Almost all comedy emerges from a disputation of power. In the classic man vs. man or man vs. nature, for example, comedy emerges when a man tries and fails to overcome a problem because of overreach fueled by arrogance and ignorance. A classic example is, to use television, from Seinfeld when Kramer tried to adapt his bathtub for better waterflow in defiance of his landlord's requirement to reduce water use; he lacked understanding of the problem and arrogantly assumed he knew how to fix it; the resulting flood of his entire apartment was consequently funny. Other classic sources of comedy come from the Upstairs/Downstairs mould of television, where the powerful are never torn down, but are routinely shown up as incompetent and undeserving of their status by their cleverer underlings. Even The Argument Sketch from Monty Python is all about the two characters attempting to powerplay each other, each cleverly looking for a way to either needle or deflect the other's jibe, to put the other man "under."
Which is why there's a moment in Heavy Metal's "Lincoln F. Sternn" segment that once seemed funny, but now dies like a landed fish. The scene is supposed to be comic. Sternn is on trial for being a very bad man, and his list of achievements is impressive. "Lincoln Sternn, you stand here accused of 12 counts of murder in the first degree, 14 counts of armed theft of Federation property, 22 counts of piracy in high space, 18 counts of fraud, 37 counts of rape, and one moving violation." The prosecutor pauses after every count to let it sink in. The "camera" (Heavy Metal is animated) looks over the bored judge, the restless jury, the steely-eyed prosecutor. When the prosecutor reads the rape charge, the camera focuses on Sternn... whose smile broadens knowingly.
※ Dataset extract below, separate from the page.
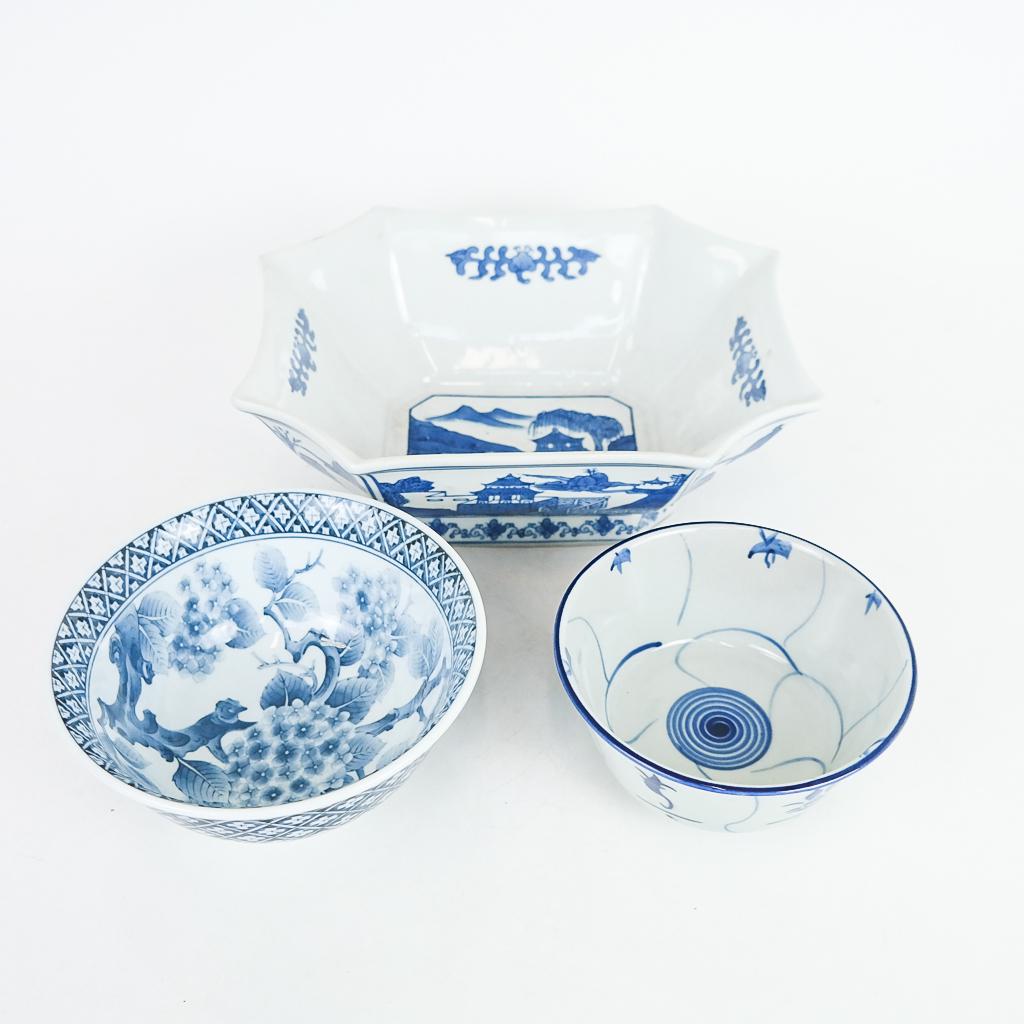 3 Chinese Blue & White Porcelain Bowls (1 of 14)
That used to be considered *humor.*It's funy, because, see, we all know that, while, legally, rape is, like, a bad thing, Sternn is such a manly man that, well, he was just putting women in their proper place in the power structure, and it's not like he killed them or anything, he was just doing what a man does.
The women in that scene aren't human beings; they're merely pawns.
Once you live in a world where men and women are equals, it stops being funny. Instead, it comes across as horrifying, and Sternn's consequential escape from justice (as well as the murder of his henchman) loses all comic impetus. Then again, so does getting away with murder.